Farhad Manjoo writes about how black people use Twitter, and, more specifically, the prevalence of black-created hashtags on the site:
Black people—specifically, young black people—do seem to use Twitter differently from everyone else on the service. They form tighter clusters on the network—they follow one another more readily, they retweet each other more often, and more of their posts are @-replies—posts directed at other users. It’s this behavior, intentional or not, that gives black people—and in particular, black teenagers—the means to dominate the conversation on Twitter.
The Slate piece, despite its cringe-inducing title, is not a bad bit of analysis of a subgroup of black people who use Twitter. It’s undeniable that there are generally one or two top trending topics (especially late at night) being primarily used by black people. The question Manjoo seems to be trying to answer is why black people dominate the conversation on Twitter.
One of the people Manjoo interviews, Brandon Meeder, seems to be on to something. Meeder proposes that the tightly interconnected black communities on Twitter send certain hashtags spiraling upward. Speaking anecdotally, I’ve seen this happen many times. Although there are several very popular black twitterers that I choose not to follow, the same can’t be said for other black twitterers I do follow. Hashtags, some very tempting to join in on, creep into my Twitter timeline regularly.
Merits of the piece aside, what troubled me on first read was that Manjoo quoted only men — four popular male twitterers served as the voice of blacks in the piece. While they all had valuable insights to offer, it’s frustrating to read yet another piece about black people that only quotes black men. I e-mailed Manjoo about this, and he acknowledged that as a flaw in the piece, but I’m looking forward to a day when I don’t have to call someone out on something so simple.
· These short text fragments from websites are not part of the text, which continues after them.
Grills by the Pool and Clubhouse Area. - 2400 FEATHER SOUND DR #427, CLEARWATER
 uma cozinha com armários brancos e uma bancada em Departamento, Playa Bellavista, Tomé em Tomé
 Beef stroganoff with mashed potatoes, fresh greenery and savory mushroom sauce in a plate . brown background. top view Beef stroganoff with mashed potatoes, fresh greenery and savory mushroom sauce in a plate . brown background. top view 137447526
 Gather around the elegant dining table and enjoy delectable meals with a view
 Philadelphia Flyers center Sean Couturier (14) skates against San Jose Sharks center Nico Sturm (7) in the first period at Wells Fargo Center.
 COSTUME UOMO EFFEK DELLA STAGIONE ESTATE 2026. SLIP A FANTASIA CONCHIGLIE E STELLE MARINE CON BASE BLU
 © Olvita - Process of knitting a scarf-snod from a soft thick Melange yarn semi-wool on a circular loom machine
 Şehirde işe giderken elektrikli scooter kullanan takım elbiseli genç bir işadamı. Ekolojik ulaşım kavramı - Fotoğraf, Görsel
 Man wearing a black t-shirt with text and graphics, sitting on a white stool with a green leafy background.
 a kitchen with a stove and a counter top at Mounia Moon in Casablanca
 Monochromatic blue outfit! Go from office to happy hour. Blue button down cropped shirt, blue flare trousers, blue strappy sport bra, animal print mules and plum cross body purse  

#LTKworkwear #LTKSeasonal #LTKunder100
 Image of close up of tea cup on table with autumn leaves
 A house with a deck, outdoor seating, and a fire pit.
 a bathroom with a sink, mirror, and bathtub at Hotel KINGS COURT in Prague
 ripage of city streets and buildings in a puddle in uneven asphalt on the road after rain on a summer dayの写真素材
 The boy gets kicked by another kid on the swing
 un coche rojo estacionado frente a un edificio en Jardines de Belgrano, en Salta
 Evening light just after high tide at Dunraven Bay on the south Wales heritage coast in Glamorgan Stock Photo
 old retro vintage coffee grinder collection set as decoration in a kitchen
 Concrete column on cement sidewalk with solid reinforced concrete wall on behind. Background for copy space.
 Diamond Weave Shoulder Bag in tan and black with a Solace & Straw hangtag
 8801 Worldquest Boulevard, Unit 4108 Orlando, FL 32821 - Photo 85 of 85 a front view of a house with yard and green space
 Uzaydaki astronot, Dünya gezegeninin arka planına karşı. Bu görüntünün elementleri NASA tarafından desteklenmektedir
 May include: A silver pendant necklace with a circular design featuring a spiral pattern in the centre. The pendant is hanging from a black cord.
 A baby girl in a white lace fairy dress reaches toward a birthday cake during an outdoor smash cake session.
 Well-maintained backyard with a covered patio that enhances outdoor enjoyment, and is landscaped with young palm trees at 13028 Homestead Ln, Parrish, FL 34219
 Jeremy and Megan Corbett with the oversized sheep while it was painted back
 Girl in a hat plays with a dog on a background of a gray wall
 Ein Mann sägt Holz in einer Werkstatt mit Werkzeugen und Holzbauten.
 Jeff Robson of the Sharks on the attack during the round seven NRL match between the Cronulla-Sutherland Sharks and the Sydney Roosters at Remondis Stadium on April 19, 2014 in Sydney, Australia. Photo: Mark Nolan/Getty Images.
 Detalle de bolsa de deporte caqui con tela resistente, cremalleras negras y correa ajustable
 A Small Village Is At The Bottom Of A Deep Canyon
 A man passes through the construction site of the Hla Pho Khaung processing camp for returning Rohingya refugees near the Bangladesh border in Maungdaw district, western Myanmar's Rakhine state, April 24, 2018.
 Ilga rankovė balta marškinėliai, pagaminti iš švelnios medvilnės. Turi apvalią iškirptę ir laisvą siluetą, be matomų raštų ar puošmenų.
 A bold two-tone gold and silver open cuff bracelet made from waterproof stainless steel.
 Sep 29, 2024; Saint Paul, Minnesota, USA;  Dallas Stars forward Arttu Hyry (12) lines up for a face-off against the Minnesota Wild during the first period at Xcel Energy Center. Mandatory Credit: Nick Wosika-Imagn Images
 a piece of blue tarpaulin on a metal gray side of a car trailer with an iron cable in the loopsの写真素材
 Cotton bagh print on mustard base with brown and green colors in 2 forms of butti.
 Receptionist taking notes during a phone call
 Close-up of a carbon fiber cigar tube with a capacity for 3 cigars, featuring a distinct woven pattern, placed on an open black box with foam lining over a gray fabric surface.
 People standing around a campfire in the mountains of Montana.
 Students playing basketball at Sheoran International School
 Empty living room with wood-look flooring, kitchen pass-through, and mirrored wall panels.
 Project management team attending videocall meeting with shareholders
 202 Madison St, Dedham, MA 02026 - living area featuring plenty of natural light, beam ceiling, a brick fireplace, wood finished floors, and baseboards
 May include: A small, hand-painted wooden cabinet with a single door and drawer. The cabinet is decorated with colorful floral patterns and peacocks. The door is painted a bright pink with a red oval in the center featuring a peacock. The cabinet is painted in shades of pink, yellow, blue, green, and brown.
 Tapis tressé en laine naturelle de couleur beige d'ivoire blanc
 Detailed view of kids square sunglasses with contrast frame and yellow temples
But what bothers this black twitterer more than any of that is this: that the story was clearly written with a befuddled and bemused white audience in mind. This notion exists that the ways of black folks are so very mysterious that it takes a brown man — Manjoo basically serves as a bridge — to explain them to whites. But one of the explanations is pretty simple: black people on Twitter, just as they do in real life, maintain tight-knit communities where they trade jokes, bicker, and play with each other. The same could be said about any other community using the site. I’ve seen many a journalist-oriented hashtag show up in my timeline.
To address the question about the ‘dominance’ of black twitterers, I believe the answer lies somewhere in this combination of pretty mundane facts: Poor and working class people are more likely to access the internet through mobile devices than they are through expensive computers with expensive high speed internet plans, and 25 percent of black people live in poverty. Young people are also more likely to access the internet through mobile devices. The median age of black people in the U.S. is 31.8, compared to 38.2 for whites.
Young black people on Twitter are right on trend. That is, when a large percentage of a racial group is young and doesn’t have a lot of money, they’re going to dominate a free service that ties in perfectly with their most common mode of communication. Manjoo concludes: “Given that these hashtags are occurring in a subgroup of black people online, it is probably a mistake to take them as representative of anything larger about black culture.”
He could have left the “probably” out.